◆ **Exercise brief**: From the line containing "Navaratna temple in Puthia" through the last line of the entries below, print each line exactly. Pictures stay out.

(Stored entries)
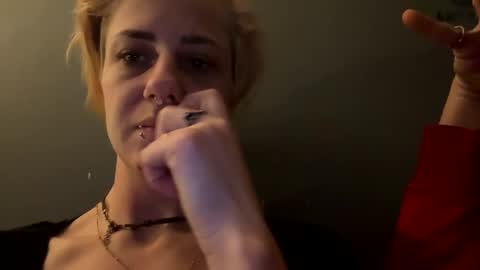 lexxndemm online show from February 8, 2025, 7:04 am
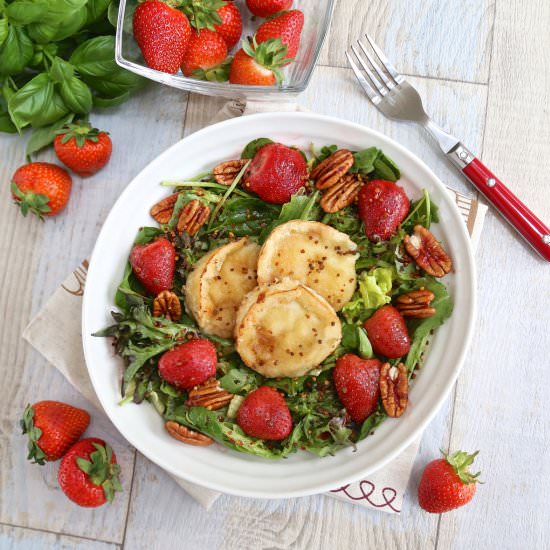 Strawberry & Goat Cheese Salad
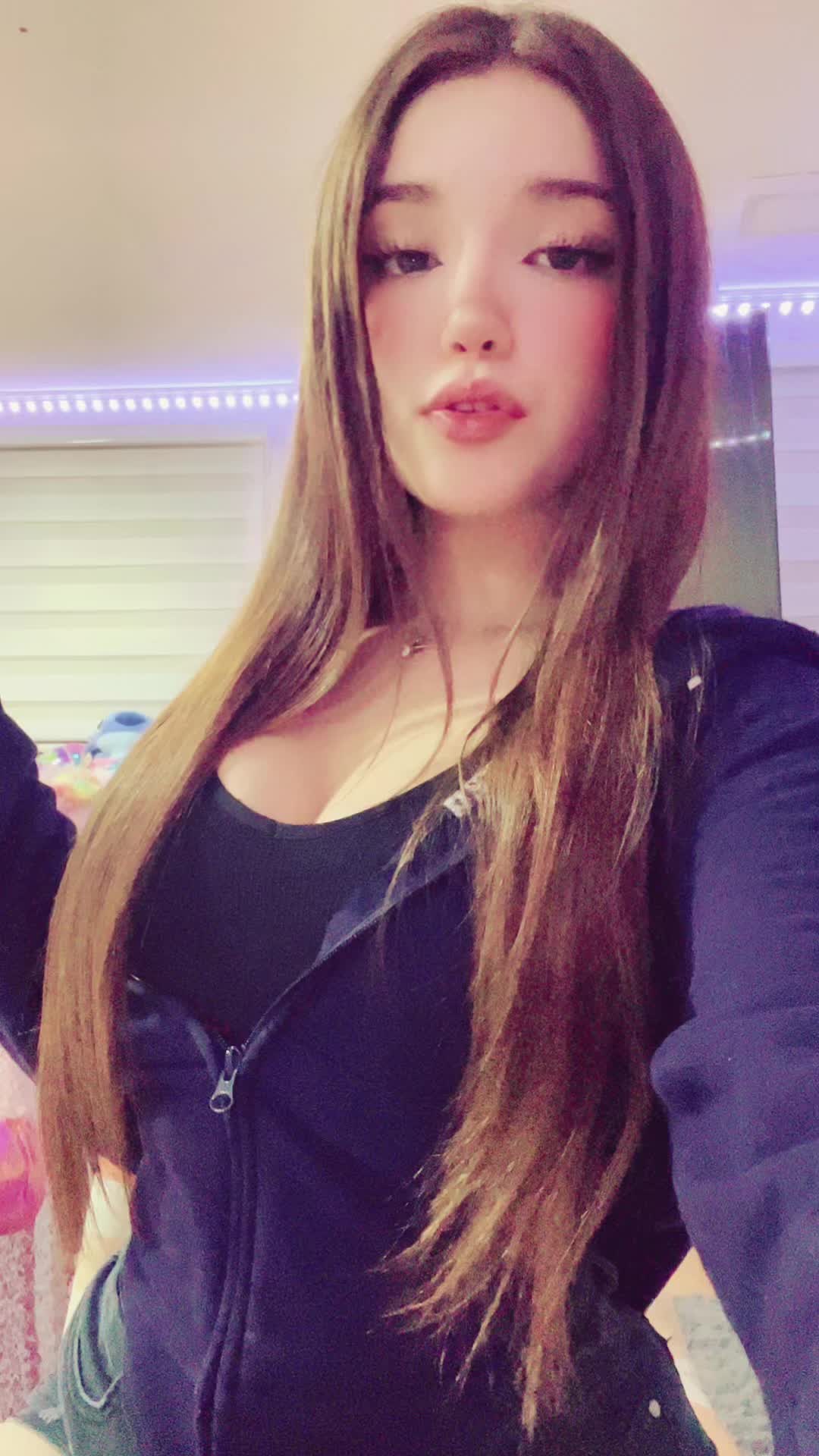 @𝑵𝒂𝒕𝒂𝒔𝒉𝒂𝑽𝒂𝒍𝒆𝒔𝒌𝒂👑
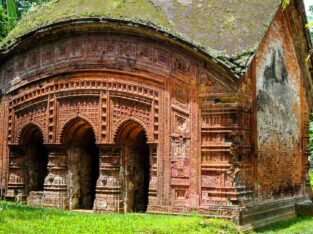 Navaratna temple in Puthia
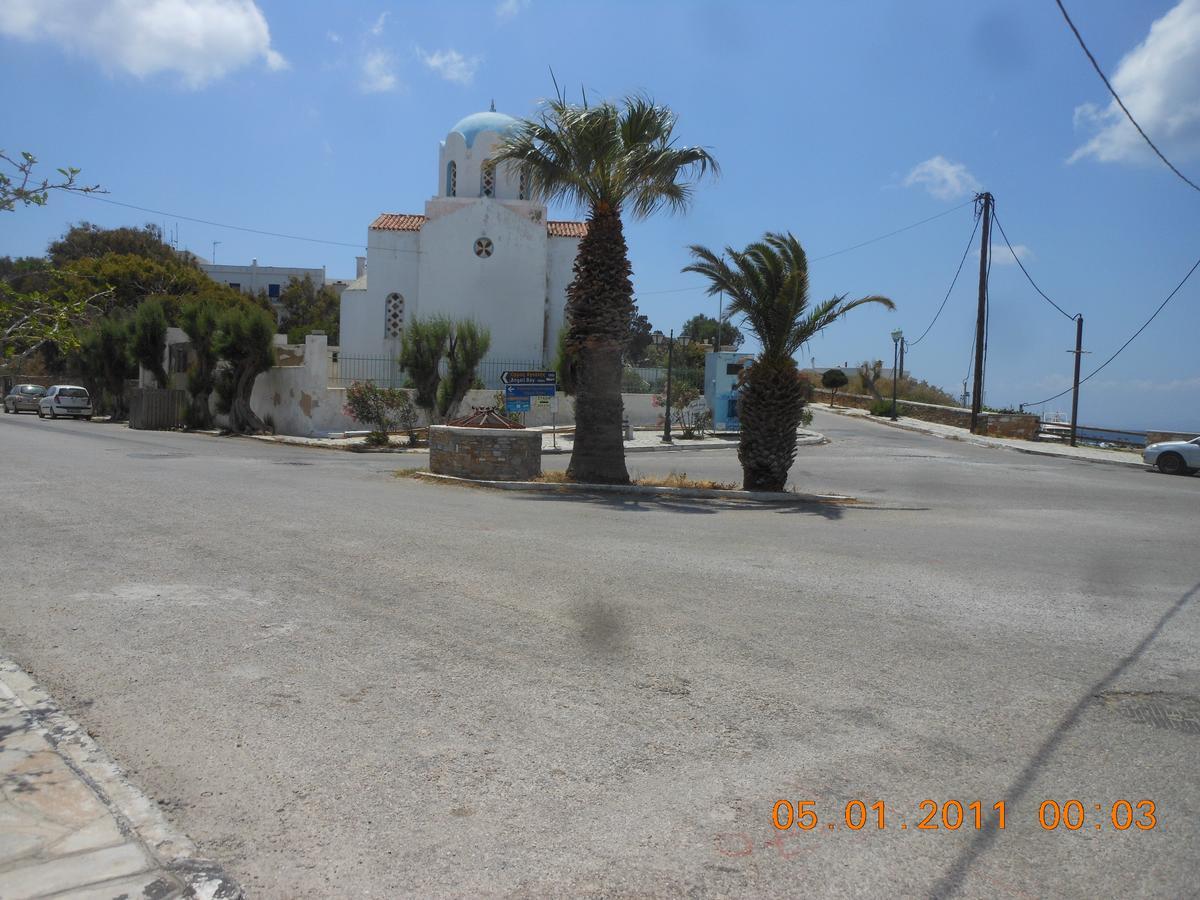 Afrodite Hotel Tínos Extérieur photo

◆ **Expected answer**:
 Navaratna temple in Puthia
 Afrodite Hotel Tínos Extérieur photo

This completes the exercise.